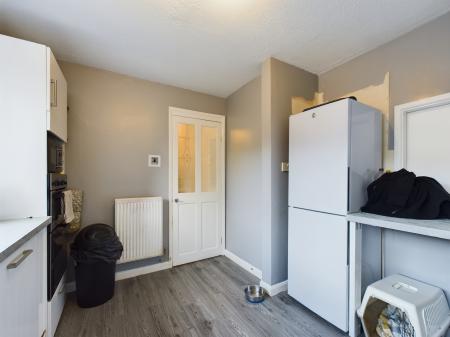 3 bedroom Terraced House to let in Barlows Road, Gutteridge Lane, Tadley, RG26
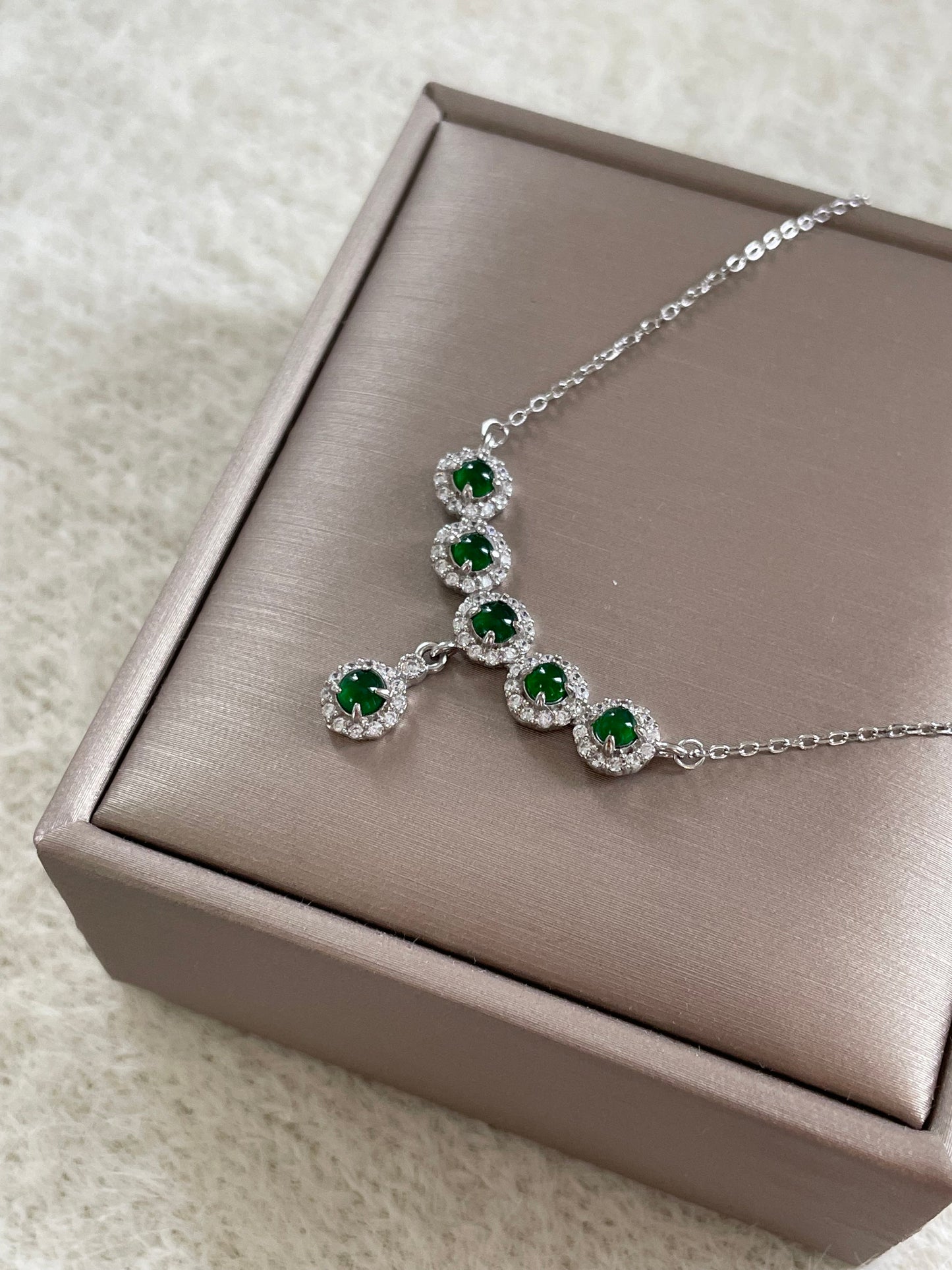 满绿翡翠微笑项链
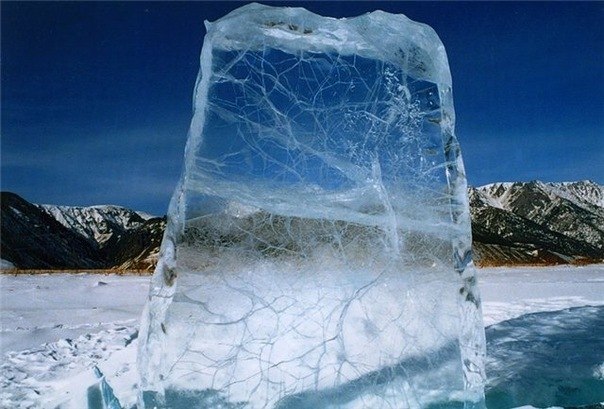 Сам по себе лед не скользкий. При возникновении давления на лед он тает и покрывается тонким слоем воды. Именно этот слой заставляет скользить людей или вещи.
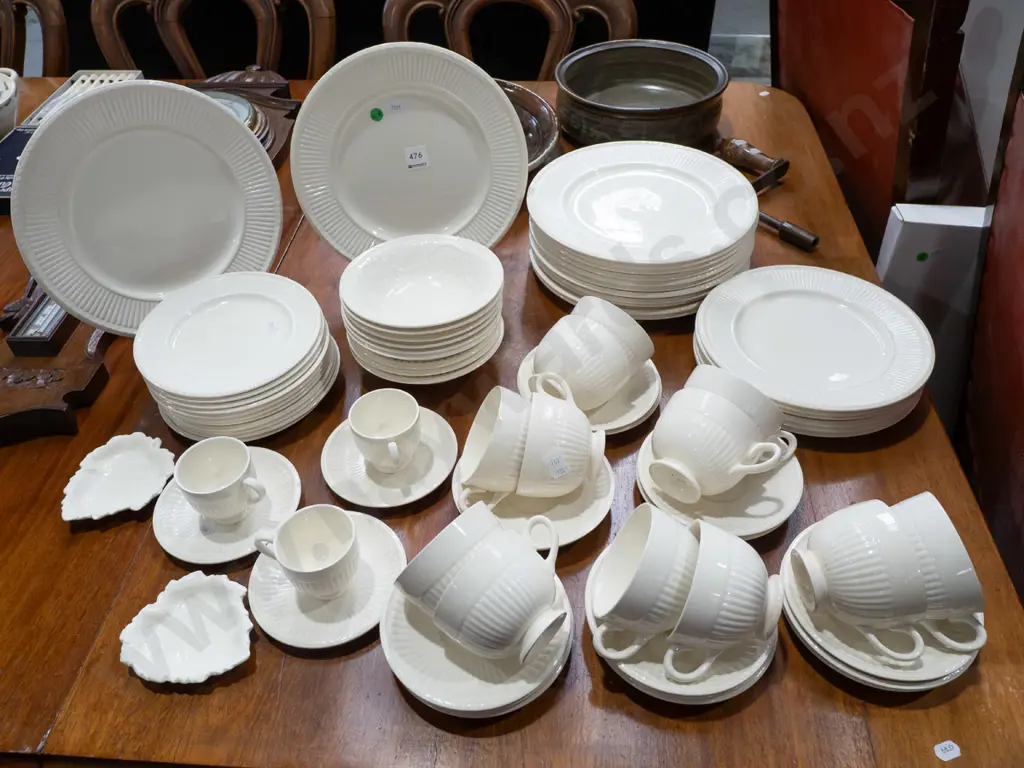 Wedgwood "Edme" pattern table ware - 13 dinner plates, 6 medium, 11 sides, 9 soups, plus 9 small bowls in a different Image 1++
==
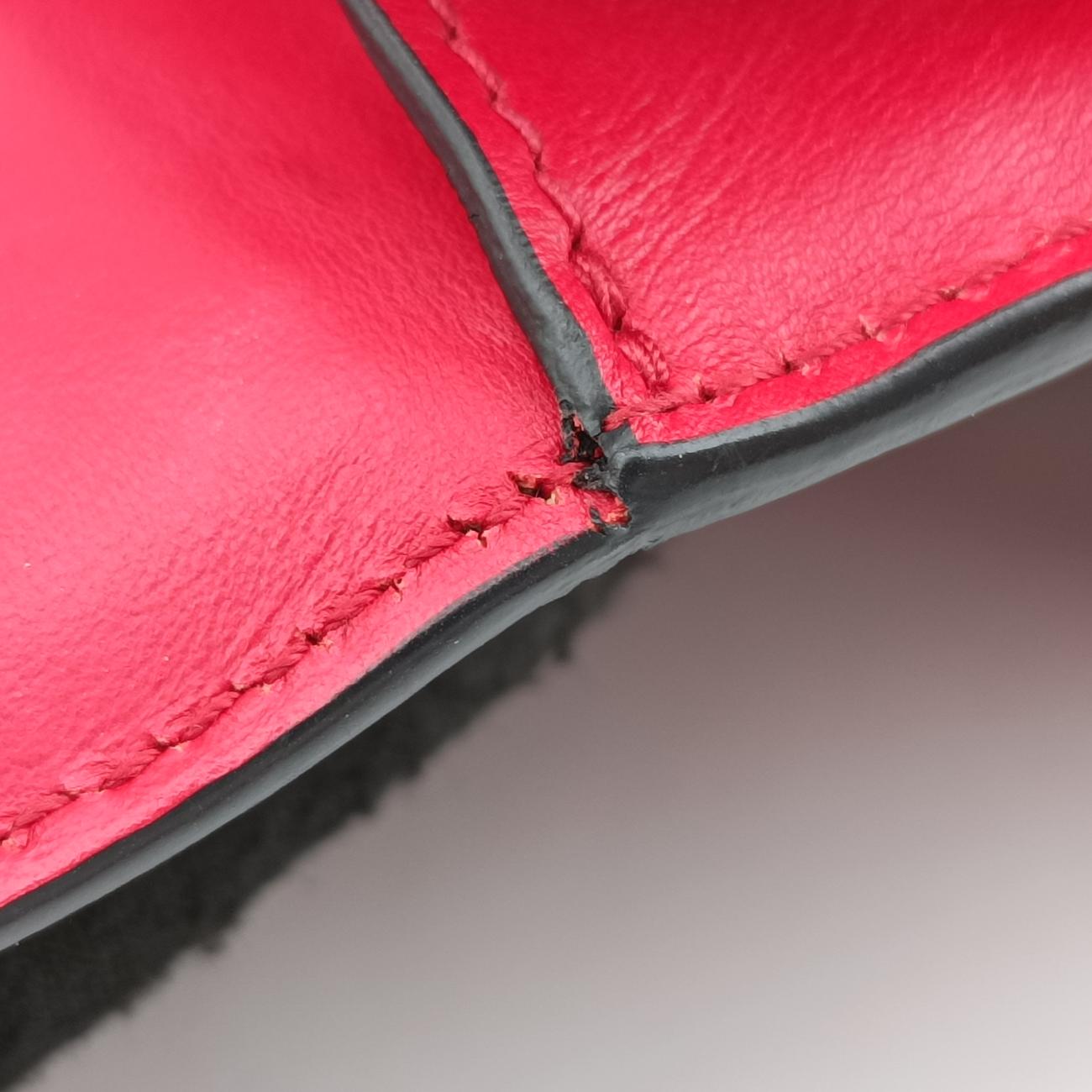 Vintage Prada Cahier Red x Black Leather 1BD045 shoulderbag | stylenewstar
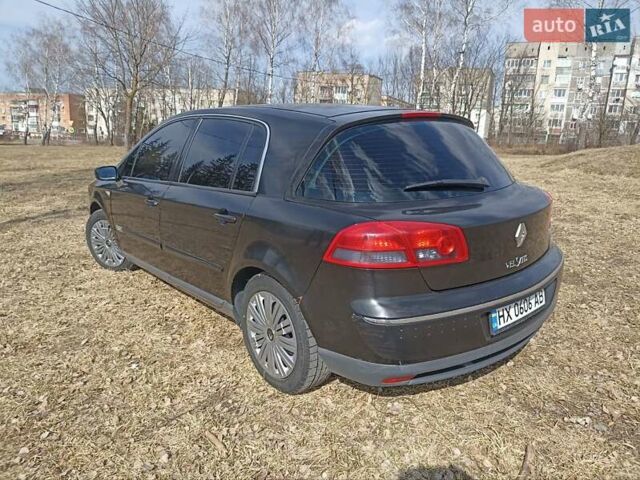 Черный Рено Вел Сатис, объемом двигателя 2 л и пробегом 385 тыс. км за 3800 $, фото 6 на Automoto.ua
* * *
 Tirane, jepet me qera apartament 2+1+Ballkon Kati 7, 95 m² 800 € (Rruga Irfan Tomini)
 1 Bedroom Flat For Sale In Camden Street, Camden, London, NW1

What is being asked: Take the material above from the line containing "3 bedroom Terraced" up to and including the line containing "Сам по себе" and retype it exactly, without any pictures.

Final answer:
 3 bedroom Terraced House to let in Barlows Road, Gutteridge Lane, Tadley, RG26
 满绿翡翠微笑项链
 Сам по себе лед не скользкий. При возникновении давления на лед он тает и покрывается тонким слоем воды. Именно этот слой заставляет скользить людей или вещи.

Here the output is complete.